Start of LISTED RECORDS
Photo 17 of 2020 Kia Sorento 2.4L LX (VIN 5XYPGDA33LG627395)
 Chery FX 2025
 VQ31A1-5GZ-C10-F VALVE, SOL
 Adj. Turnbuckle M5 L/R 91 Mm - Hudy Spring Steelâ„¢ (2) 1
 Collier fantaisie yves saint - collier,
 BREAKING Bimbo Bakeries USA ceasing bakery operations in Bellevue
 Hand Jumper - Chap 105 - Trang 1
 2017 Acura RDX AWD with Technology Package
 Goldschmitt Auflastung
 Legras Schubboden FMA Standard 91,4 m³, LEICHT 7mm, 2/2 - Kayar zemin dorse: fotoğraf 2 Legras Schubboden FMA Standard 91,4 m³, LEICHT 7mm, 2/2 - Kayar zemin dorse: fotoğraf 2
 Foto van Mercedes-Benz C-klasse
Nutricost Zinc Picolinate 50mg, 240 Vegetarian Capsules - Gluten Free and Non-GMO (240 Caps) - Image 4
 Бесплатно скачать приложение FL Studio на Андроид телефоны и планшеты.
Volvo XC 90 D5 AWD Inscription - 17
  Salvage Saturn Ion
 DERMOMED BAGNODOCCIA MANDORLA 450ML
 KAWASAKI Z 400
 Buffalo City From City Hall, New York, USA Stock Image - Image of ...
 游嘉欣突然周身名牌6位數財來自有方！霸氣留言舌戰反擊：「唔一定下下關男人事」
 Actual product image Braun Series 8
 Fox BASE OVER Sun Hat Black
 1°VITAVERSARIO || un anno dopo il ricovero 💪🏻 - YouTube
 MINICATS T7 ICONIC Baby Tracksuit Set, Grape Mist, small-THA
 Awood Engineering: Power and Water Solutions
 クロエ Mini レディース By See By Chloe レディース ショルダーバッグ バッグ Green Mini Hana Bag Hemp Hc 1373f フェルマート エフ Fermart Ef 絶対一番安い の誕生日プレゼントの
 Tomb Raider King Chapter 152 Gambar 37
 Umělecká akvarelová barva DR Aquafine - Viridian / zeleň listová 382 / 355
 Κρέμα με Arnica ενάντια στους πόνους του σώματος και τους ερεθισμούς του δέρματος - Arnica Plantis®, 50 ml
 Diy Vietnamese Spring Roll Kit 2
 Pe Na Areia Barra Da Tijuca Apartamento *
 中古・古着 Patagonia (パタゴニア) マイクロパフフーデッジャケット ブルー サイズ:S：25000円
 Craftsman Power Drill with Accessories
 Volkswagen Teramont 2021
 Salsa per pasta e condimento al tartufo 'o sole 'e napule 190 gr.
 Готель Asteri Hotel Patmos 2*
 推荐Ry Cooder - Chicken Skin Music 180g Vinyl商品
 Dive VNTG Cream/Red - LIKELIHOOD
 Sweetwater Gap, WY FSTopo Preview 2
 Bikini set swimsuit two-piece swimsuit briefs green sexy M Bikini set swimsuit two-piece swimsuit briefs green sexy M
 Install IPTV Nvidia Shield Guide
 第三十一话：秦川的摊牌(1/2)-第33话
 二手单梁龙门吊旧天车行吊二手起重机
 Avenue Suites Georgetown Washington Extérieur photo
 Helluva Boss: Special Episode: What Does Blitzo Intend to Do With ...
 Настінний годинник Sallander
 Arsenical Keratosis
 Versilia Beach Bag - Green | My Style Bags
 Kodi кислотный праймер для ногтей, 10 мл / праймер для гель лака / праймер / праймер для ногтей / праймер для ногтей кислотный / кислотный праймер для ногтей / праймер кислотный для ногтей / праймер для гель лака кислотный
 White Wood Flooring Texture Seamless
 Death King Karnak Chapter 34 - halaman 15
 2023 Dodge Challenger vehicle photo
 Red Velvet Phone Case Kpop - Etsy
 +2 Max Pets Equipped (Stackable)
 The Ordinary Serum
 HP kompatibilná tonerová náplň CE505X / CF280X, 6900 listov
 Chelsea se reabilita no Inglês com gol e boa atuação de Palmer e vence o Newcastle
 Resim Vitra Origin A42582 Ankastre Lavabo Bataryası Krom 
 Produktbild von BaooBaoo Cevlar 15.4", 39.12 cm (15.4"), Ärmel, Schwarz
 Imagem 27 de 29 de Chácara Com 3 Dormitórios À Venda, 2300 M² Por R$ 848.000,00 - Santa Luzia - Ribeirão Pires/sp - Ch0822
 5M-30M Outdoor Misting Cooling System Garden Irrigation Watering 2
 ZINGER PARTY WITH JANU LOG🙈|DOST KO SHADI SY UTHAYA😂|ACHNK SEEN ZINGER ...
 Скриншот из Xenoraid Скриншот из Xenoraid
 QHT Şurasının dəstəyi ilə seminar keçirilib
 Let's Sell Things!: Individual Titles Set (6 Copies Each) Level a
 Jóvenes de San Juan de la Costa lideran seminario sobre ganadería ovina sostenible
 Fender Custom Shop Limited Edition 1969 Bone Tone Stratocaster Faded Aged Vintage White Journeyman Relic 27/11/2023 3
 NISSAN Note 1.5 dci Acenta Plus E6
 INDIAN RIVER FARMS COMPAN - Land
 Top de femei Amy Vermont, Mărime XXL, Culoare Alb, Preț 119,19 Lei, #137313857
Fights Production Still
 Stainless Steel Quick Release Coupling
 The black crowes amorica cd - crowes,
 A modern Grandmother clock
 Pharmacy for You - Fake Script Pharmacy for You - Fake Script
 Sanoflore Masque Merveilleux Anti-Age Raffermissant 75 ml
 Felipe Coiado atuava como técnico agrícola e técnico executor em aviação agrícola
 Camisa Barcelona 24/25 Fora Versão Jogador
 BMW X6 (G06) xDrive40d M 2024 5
End of LISTED RECORDS
TASK DESCRIPTION :: Return, word for word, the lines of the data above from the line with "Dive VNTG Cream/Red - LIKELIHOOD" through the line with "Pets Equipped (Stackable)", inclusive.

REPLY TO THE EXERCISE ::
 Dive VNTG Cream/Red - LIKELIHOOD
 Sweetwater Gap, WY FSTopo Preview 2
 Bikini set swimsuit two-piece swimsuit briefs green sexy M Bikini set swimsuit two-piece swimsuit briefs green sexy M
 Install IPTV Nvidia Shield Guide
 第三十一话：秦川的摊牌(1/2)-第33话
 二手单梁龙门吊旧天车行吊二手起重机
 Avenue Suites Georgetown Washington Extérieur photo
 Helluva Boss: Special Episode: What Does Blitzo Intend to Do With ...
 Настінний годинник Sallander
 Arsenical Keratosis
 Versilia Beach Bag - Green | My Style Bags
 Kodi кислотный праймер для ногтей, 10 мл / праймер для гель лака / праймер / праймер для ногтей / праймер для ногтей кислотный / кислотный праймер для ногтей / праймер кислотный для ногтей / праймер для гель лака кислотный
 White Wood Flooring Texture Seamless
 Death King Karnak Chapter 34 - halaman 15
 2023 Dodge Challenger vehicle photo
 Red Velvet Phone Case Kpop - Etsy
 +2 Max Pets Equipped (Stackable)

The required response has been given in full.